East China Jiaotong University
- Motto: 日新其德，止于至善
- Type: Public
- Established: 1971; 55 years ago
- President: Xu Changjie
- Academic staff: c. 1,600
- Location: Nanchang, Jiangxi, China
- Website: www.ecjtu.jx.cn

= East China Jiaotong University =

University in Nanchang, China

East China Jiaotong University (华东交通大学; abbreviated ECJTU) is a university in Nanchang, Jiangxi province, China. It was formerly known as Shanghai Railway Institute, which was moved from Shanghai to Nanchang in 1971.

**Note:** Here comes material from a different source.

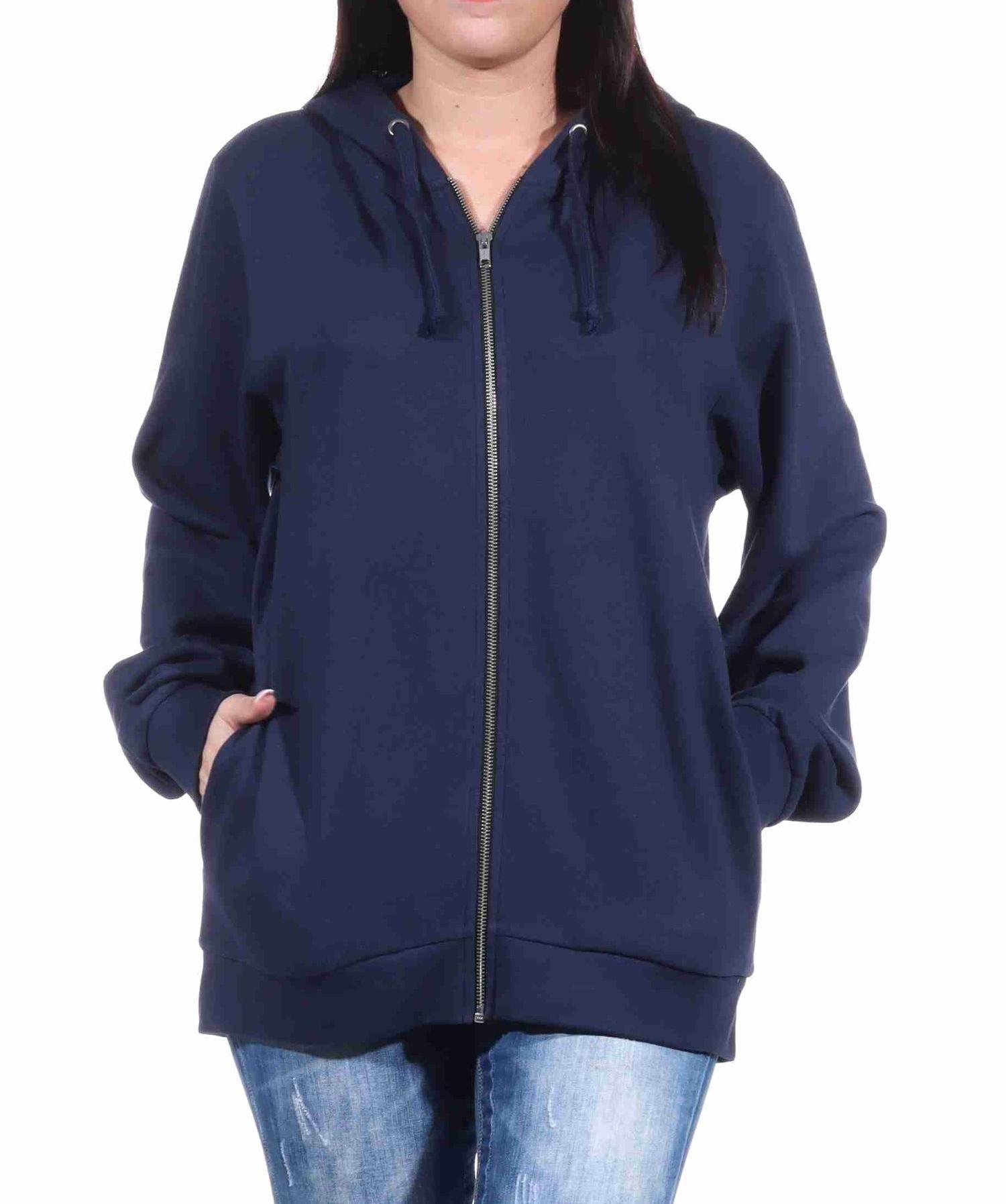 Damen Jacke mit Kapuze für Hausanzug, Sportanzug oder Jogginanzug Oberteil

ECJTU is one of the renowned multi-disciplinary and comprehensive universities in China, focuses on railway-related disciplines, and features transportation engineering. It was established in 1971, when the State Council approved the combining of both the College of Locomotive and Rolling Stock in Shanghai and the Jiaotong University and College of Railway Engineering in Tongji University to establish Shanghai Railway Institute, which was later renamed East China Jiaotong University and transferred to Jiangxi Province. Since 1978, ECJTU and Shanghai Railway Institute ran independently as two universities, and then was affiliated to the Railway Ministry of China. In 2000, the university was reformed to be "co-sponsored by both central and provincial governments, but mainly under the administration of the latter". Through many years' unremitting efforts, under priority construction in Jiangxi Province, ECJTU has grown into a provincially key university and one nationally accredited institution offering doctoral degree programs.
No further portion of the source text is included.